The 3 best books by the amazing Ray Loriga

Without reaching the point of disenchanted lyricism Charles Bukowski, one of the clearest reflections of dirty realism in Spain is Ray Loriga, at least in his beginnings as a writer, because Ray Loriga currently writes with greater formal sophistication without losing his critical will and his intention loaded with sarcasm. With which, dirty realism is a complementary label of the author in whose fertile field other authors in Spain continue to lavish themselves, such as Tomás Arranz with his novel The many, influenced in turn by the Cuban dirty realism of Pedro Juan Gutiérrez.

But as I say, the current Ray Loriga it's that perspective of dirty realism, which already has enough richness and creative interest but has been filled with large doses of writer's craft. Neither worse what he wrote before nor better what he wrote now. Everything goes with the tastes. But deep down it is a laudable evolution that is always appreciated because it implies evolution, experimentation, inquiry, restlessness and creative ambition.

And despite everything, the readers of Loriga from the beginning can always detect and enjoy the fundamental motives of the writer. The change of register or genre can be understood as a thematic or style renewal, but the soul of the writer is always there. And certainly the differential fact that makes you like an artist, that you tune in to him is more marked by that deep motivation that leaves its mark on each character and each scene, in the way of describing and even in the metaphors.

Top 3 recommended novels by Ray Loriga

Surrender

A new great novel, the most complete so far. The transparent city The characters in this story arrive at is the metaphor for so many dystopias that many other writers have imagined in light of the adverse circumstances that have occurred throughout history.

Perhaps dystopia comes to present itself to us as a present where everyone wonders how they got there. Wars are always a point of reference to raise that empty society, without values, dictatorial.

Between George Orwell y Huxley, with Kafka at the controls of the unreal or surreal setting. A married couple and a young man who cannot find his home and who has lost his speech make the painful journey to the transparent city. They long for their children, lost in the last war.

The mute young man, renamed Julio, may hide in his muteness the fear of expressing feelings or perhaps he is just waiting for his moment to speak. Strangers in the transparent city. The three characters assume their role as gray citizens indoctrinated by the corresponding authority.

The plot marks the unfathomable distance between the individual and the collective. Dignity as the only hope to remain oneself in the face of memory sweep, alienation and emptiness. An anguished certainty clings to the lives of the characters, but the endings are only written by oneself.

Literature in general, and this work in particular, provide a valuable sense that not everything has to end as planned, for better or for worse.

surrender ray loriga

Tokyo doesn't love us anymore

One of the last novels of the author that can still be labeled under that Generation X label.
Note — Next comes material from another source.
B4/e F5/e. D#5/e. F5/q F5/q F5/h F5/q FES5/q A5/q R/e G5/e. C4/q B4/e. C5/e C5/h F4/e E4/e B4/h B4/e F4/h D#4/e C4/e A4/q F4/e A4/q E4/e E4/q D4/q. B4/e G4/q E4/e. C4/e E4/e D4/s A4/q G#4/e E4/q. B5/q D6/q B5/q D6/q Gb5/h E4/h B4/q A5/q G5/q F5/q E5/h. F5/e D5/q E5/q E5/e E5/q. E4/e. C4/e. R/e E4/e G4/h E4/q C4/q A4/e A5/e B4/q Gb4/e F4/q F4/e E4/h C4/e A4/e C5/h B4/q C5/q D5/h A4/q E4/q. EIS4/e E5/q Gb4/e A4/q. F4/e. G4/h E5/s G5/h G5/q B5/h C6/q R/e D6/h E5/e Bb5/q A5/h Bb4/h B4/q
A strange, intriguing, fascinating and even philosophical futuristic ramble that seems to give a psychedelic twist to the Huxley's Happy World.

Liberating chemistry, exogenous agents capable of modifying memory for the good of the drug user that frees him from guilt and remorse. To be happy you have to dehumanize, there is no other. It makes sense if we consider that the ultimate goal of the human is to be born, begin to breathe and consume himself in the same oxygen that gives him life.
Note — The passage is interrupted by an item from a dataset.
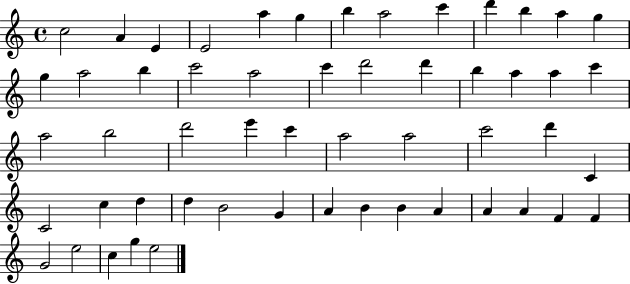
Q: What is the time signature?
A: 4/4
The novel itself narrates the long journey from the United States to a distant Asian country, a novel road that really leads us through existentialist precepts about what we could be without memory. The trip is undertaken by a very particular guy hung up on drugs and given over to free love once AIDS has already been exterminated from the world.
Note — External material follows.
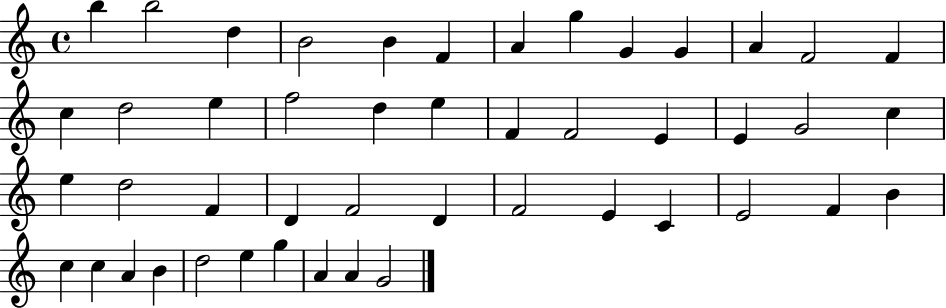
B5/q B5/h D5/q B4/h B4/q F4/q A4/q G5/q G4/q G4/q A4/q F4/h F4/q C5/q D5/h E5/q F5/h D5/q E5/q F4/q F4/h E4/q E4/q G4/h C5/q E5/q D5/h F4/q D4/q F4/h D4/q F4/h E4/q C4/q E4/h F4/q B4/q C5/q C5/q A4/q B4/q D5/h E5/q G5/q A4/q A4/q G4/h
The exit of this novel with science fiction foundations back in 1999 points to the typical disturbing sensation of the change of the millennium (something like the 2000 effect in the literary world) and the truth is that it is enjoyed in that transcendental exploration about the future, about the human condition, trauma, drugs and conscience ...

Tokyo doesn't love us anymore

Any summer is an end

Melancholy can come when you are still young and, with the arrival of summer, you know that there will still be more. Nostalgia is the regret of summers already unrecoverable in one way or another. Between both sensations, a multitude of everyday but exceptional characters move because they open up in search of the beyond of the viscera, where the emotions of expired deadlines and moments that recede in a perhaps idealized past but always better than the past can inhabit. future. And yet it is also about second chances, crushes and redoubts of emotions that reach us even more intense when they are no longer expected...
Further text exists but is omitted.